I remember back in college, some 15 years ago, when I was taught in my anthropology class that art was the actual process (that is the process in which the artist created art), the feelings and experiences of the artist himself…. that process WAS the art. Not the final outcome, not the feelings felt by the observers…

And so I began to question, was the anthropological view about art wrong? I live according to that view, so for me it is correct. As I am photographing a bride, lets say the first dance scenario at a reception, it is that feeling that I get, when I am in a zone of feeling at one with the moment, and photographing that moment, the goal for me is to photograph the perfect moment within that space and time. And there is the art for me.It is not the bride and the feelings she gets when looking at those images. It is nice when that happens, and for someone to have appreciation for the work I have done.

But my question comes from “where is the Art at?” It is my opinion that the art is in the moment of creation (which ironically is when the copyright comes into being as well). I think that this is an interesting perspective to consider, if a piece of art is created but no one sees it, was it still art? My answer is a resounding yes. It is the artist going through that art process that makes it so. However, to take the artist out of the picture, does it make that item still art, my answer to that is just as firm of a no. For example, anything within nature, while beautiful, is not art until someone interprets those items. Take a flower for example. A flower is not art until it is painted, sculpted, a poem wrote about it, a song created about it, etc. A machine that makes a copy or lithograph of an image is not art. A machine that paints something or sculpts something is not art. The art is within the human perceptualization something within a unique experience.

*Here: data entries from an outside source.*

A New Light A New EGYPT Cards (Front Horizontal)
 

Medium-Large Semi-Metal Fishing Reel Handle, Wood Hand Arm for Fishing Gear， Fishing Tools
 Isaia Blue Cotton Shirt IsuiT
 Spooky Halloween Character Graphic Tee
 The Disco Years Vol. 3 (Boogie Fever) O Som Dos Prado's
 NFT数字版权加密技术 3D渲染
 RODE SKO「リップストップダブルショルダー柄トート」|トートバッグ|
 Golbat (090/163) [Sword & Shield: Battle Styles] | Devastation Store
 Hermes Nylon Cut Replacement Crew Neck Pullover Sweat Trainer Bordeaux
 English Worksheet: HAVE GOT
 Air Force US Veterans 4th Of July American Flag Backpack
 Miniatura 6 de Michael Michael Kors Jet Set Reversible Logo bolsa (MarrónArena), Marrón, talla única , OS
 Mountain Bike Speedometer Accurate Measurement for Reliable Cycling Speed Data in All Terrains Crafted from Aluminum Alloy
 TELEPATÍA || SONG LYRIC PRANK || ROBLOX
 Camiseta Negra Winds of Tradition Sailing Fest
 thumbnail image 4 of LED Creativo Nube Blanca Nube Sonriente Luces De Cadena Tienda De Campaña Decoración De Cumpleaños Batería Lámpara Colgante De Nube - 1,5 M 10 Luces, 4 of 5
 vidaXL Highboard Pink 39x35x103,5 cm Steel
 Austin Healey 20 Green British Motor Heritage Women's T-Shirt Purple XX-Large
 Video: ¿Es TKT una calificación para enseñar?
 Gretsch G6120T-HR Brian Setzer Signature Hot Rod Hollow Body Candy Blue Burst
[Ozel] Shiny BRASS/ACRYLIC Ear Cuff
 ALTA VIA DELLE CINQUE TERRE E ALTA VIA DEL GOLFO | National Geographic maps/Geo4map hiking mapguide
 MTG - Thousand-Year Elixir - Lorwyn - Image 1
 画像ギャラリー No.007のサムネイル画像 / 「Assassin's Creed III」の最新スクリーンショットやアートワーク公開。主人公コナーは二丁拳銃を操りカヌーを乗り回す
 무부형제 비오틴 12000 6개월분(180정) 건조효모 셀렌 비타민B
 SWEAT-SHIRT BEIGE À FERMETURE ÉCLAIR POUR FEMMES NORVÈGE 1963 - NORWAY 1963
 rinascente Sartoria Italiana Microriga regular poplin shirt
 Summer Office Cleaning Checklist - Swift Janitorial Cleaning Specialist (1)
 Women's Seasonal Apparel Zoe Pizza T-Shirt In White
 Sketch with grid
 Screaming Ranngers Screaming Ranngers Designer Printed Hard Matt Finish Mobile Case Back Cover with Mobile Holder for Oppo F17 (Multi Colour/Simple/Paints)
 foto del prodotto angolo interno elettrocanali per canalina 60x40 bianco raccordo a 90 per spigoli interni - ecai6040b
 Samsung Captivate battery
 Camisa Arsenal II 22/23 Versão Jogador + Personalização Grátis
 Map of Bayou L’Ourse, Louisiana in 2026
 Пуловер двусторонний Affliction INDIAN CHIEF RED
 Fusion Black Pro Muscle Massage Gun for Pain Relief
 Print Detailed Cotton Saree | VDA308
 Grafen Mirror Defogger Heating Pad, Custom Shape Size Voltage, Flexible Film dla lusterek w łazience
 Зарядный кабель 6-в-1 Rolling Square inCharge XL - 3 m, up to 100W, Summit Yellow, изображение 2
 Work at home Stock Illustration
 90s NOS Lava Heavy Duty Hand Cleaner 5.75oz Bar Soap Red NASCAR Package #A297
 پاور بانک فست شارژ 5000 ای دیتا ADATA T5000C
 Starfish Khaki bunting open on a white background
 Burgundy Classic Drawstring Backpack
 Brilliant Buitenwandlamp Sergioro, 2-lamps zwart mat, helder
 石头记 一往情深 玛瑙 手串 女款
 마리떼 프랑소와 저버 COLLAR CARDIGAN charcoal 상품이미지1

The other topic that surprised me in this article, which I have heard a lot of in the last ten years or so, is the idea that digital photography is somehow killing the art of photography. This is a ridiculous notion to me. It is an elitist view to stifle the artistic form from others. The reason I became a photographer was directly due to the availability of digital. Had it not been for digital I would have never wandered into this medium.

I have an artistic nature about me, but no innate talent or prodigy for anything. I have played musical instruments, dabbled in writing and poetry, as well as photography. I did have a draw to computers though, and it was through that interest, that digital photography came into my view. Digital photography changes the art of photography, i’ll grant you that, but it opens the doorway now to even broader realms, such as the digital image painting and manipulations. When large format cameras were prevalent, what did the photographers say when smaller medium format cameras (that were more compact) came about? When 35 millimeter cameras came along? When instamatic cameras entered the scene? Every time there was an advancement, the same arguments arose, that it was killing the art of photography… Because it got into the hands of the general population. Art isn’t some aristocratic thing, that only the elites within our society should only have access to. Art is something that is owned by humanity as a whole, it is one of the major things that separates us from the other animals in the animal kingdom.

If you look throughout human history, art has been something created and enjoyed by all. Sculpture, dance, painting, weaving, body modification, music, etc. Paint and paint brushes, something available to everyone, something that has changed over time, something that is said to have died as an art form specifically due to the advent of even photography. I don’t see great art being affected by technology or infiltration to the masses. When is the last time someone said… “That Monet, he sure was a good painter, too bad cameras were invented”? I have never heard such a silly thing. Studying the history of art is something we all should strive to do, for there we see past ourselves, and see art in its own right.

What do you think? Is digital killing the art of photography?  Is art a tangible thing? Where’s the art?